May 25th, 2009 at 12:05 pm
Interesting, I’d to take a look and see if I can add this kind of features to ext/zip (I maintain it). Thanks for the discussions&suggestions!
May 25th, 2009 at 12:19 pm
Cool. The OpenJDK project provides the Java source code under GPL license so that’s probably your best bet. It’s also included with the JDK download, but under a proprietary license which at least in the past had some pretty overbearing clauses about tainting etc. Not sure if that got cleaned up at some point, but OpenJDK is a safe bet anyway.
May 25th, 2009 at 12:21 pm
oh, I won’t read the sources but see how it works from a runtime pov. PHP license is not GPL compatible so I won’t taint my code with some possible GPL code (lawers–) :)

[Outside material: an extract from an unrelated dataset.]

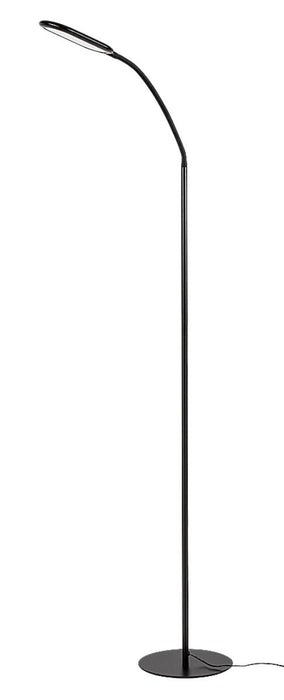 LED LAMP ADELMO 10W 910LM H140 BLACK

May 25th, 2009 at 12:32 pm
True, I don’t know why I was thinking PHP was GPL….
May 25th, 2009 at 8:11 pm
I have a lot of experience with this problem because the company I work for (Kink.com) offers .zip file downloads of all of our content. The issue is that it nearly impossible (ie: not reliable) to create a reliable streaming option for zip files because it is nearly impossible to know the final length of the file before the entire file has been created. The zip specification is crappy in this regard. The reason you need this information is that you need to be able to set the Content-Length: header so that downloads don’t look like they are unlimited in the browser download window. People like to have an idea of when a download will complete.

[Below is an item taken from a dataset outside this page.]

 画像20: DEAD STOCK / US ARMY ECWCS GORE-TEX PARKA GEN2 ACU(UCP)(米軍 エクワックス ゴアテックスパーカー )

I tried implementing a dynamic streaming solution in PHP, Python and Java. PHP and Python have no clue about streaming (which you figured out already). They love to hold data in memory which is terrible for trying to create a large scale concurrent streaming system. Java does streaming really well, but it is impossible to know the total length of the resulting file until after it is created. On top of it, each file tends to get created with random sizes (even without compression), so you can’t cache this data anywhere.

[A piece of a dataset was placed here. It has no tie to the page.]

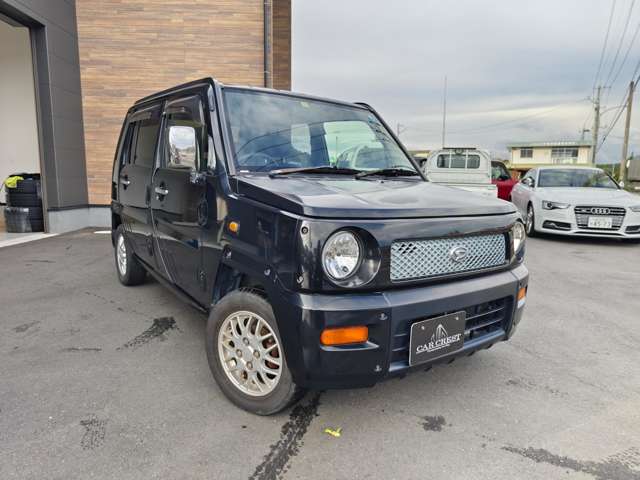 2001 Daihatsu Naked – thumbnail 3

We ended up punting on all of this and just create and cache the entire zip files. They get copied out to our CDN with the rest of our video/picture data. It doubled our storage requirements, but what’s a few extra TB these days. =)
May 25th, 2009 at 8:40 pm
Ah good point Jon. I hadn’t thought about the lack of a known content length for the browser’s progress bar. That makes me feel better about having to use temporary files. The zip files that are created are just thrown out once the download finishes in this case, since they’re fairly highly customised. Depending on traffic/load we can always investigate a caching layer to keep them around for longer.
May 26th, 2009 at 8:26 am
Right Jon, that was my thoughts too.
About php having no clue about stream, I think you should really consider to actually read the docs about the stream API in PHP (userland or internals). It is one of the most powerful out there. The problem is that some extensions do not rely on it (due to the underlying libraries for example), but the stream API itself in PHP is great, try it.
May 26th, 2009 at 8:38 am
Yeah, I’ve read the docs on the stream support, it’s pretty good, but as you mentioned a lot of stuff doesn’t use it which makes it far less useful. The Java stream stuff is long winded (moreso than the php stuff) but because it’s been there from day one and most of the Java libraries were developed purely in Java rather than using existing C libraries, it’s very comprehensively used.
Such is life.